[EXERCISE DETAILS]
In the entries below, find the line with "Once you've added" and the line with "To get started". Reproduce those two lines and every line between them exactly, and nothing more.

[RECORDS SUPPLIED]

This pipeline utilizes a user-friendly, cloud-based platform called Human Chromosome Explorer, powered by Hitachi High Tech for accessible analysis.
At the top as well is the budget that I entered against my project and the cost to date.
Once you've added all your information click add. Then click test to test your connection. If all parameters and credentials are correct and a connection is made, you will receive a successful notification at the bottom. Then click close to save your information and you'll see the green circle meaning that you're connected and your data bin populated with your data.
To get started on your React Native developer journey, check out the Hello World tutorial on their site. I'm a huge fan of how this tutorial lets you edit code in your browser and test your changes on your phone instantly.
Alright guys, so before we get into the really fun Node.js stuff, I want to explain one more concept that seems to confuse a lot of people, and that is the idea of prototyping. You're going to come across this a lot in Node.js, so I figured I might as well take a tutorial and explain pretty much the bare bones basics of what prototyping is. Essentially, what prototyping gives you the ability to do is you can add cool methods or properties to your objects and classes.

...

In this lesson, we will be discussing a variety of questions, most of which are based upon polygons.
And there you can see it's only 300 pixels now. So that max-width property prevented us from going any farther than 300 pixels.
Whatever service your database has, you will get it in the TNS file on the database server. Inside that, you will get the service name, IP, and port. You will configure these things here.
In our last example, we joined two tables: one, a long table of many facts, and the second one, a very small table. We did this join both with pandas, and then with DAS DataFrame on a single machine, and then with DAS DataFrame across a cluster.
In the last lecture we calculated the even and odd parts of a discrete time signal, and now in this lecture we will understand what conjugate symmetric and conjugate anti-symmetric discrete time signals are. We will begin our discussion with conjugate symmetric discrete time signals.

[ANSWER SECTION]
Once you've added all your information click add. Then click test to test your connection. If all parameters and credentials are correct and a connection is made, you will receive a successful notification at the bottom. Then click close to save your information and you'll see the green circle meaning that you're connected and your data bin populated with your data.
To get started on your React Native developer journey, check out the Hello World tutorial on their site. I'm a huge fan of how this tutorial lets you edit code in your browser and test your changes on your phone instantly.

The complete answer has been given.